While the gluten-free diet may be ‘trendy’ right now, there has finally been some clinical research done, showing the inflammatory effects of gluten. Note: the particular study that I’m discussing was performed on mice, but I think there’s going to be LOTS more exploration on this subject.
The scientists divided eight-week-old male mice into two groups: both groups were fed the same diet, except that the first group’s diet contained gluten supplementation (4.5% wheat gluten). The study lasted 8 weeks, with the mice kept in a controlled environment and food intake the same. Body weight was measured individually once a week, and at the end of the experimental period, they analyzed the intestines, liver, blood, visceral fat, gastrocnemius muscle and feces of the mice. They measured the following: lipid content, protein, glucose, insulin, leptin, adiponectic and resistin concentrations, adipocyte diameter, cytokine concentrations and gene expression.
To make a long story short, the results showed that body weight/adiposity gain, inflammation and insulin resistance were all improved in the mice fed the gluten-free diet, suggesting that a gluten-free diet may benefit people other than those with celiac disease.
Experts say that one contributing factor may be that the wheat we eat today (aka “modern wheat”) is not the same as the wheat our grandmas had. More on this here: Dr. William Davis discusses modern wheat on CBS news.
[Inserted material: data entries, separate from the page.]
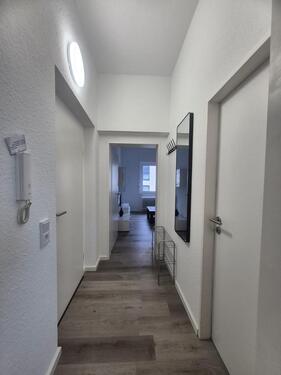 Foto - Hürth Efferen - Nichtraucherwohnung Löffelfertig, möbliert 28 qm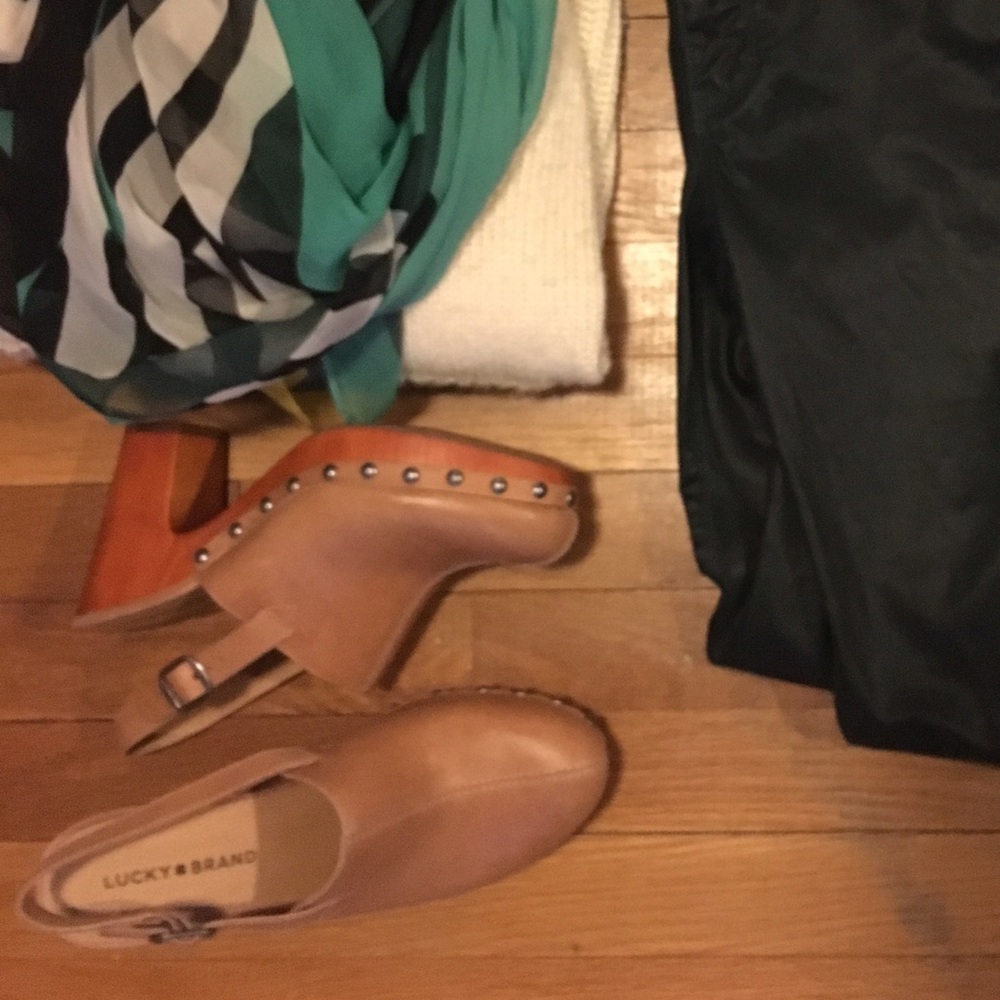Lucky Brand Clogs
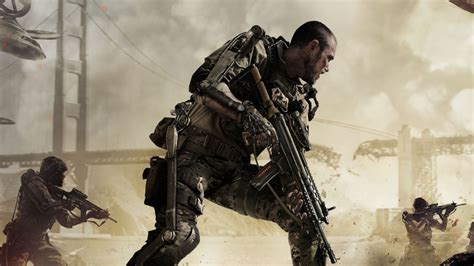 Sledgehammer Games Trabaja En La Secuela De Call Of Duty Advanced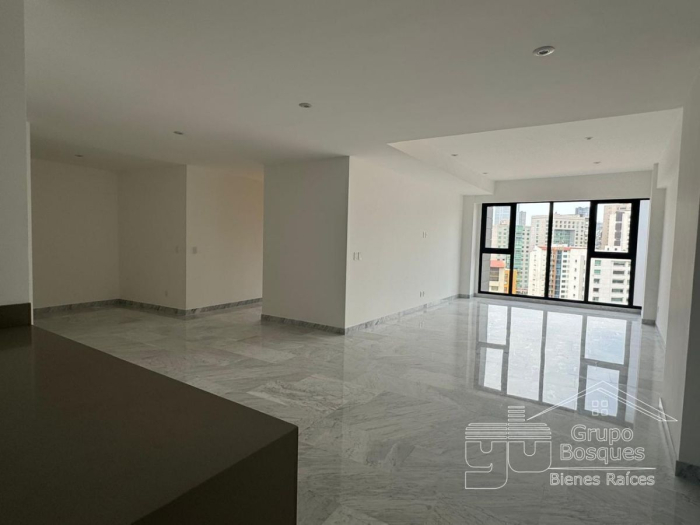 departamento en venta en residencial antia, interlomas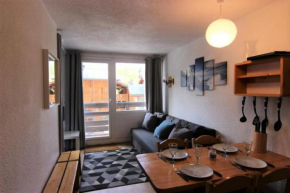 Résidence Lauzieres - JOLI 2 PIECES CABINE POUR 4 PERSONNES QUARTIER SOLEIL MAE-7613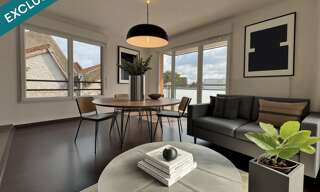 Appartement 2 Pièces 41 m² à vendre à Lys-lez-Lannoy (59390)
Now, let me just say… I LOVE pizza (an obvious gluten-containing food). Who doesn’t!? Chris & I just had our favorite—a Holy Shiitake Pie from Mellow Mushroom—last weekend.
The point here is not that gluten is the devil. 😉 I think it’s just important to be aware that there may very well be nutritional implications for certain foods you consume—even if you do not necessarily have an allergy or sensitivity.
It’s certainly not something that I choose to have often.
There are several books on this subject. One that I want to read is Grain Brain by neurologist David Perlmutter, MD. Perlmutter refers to wheat, carbs and sugar as our brains’ silent killers, claiming that carbs destroy the brain, causing things like dementia, ADHD, anxiety, chronic headaches and depression. (Please note that I think he’s referring to processed carbs — not carbs from fruits and vegetables! The right kind of carbs are extremely healthy, and we need them to fuel our bodies and brains.)
Nutrition + neuroscience = I’m interested!
FYI: other gluten-containing grains include barley and rye (and occasionally oats). Whole grains that do not have gluten include amaranth, buckwheat, rice and quinoa (among others).
I hope this was at least some food for thought.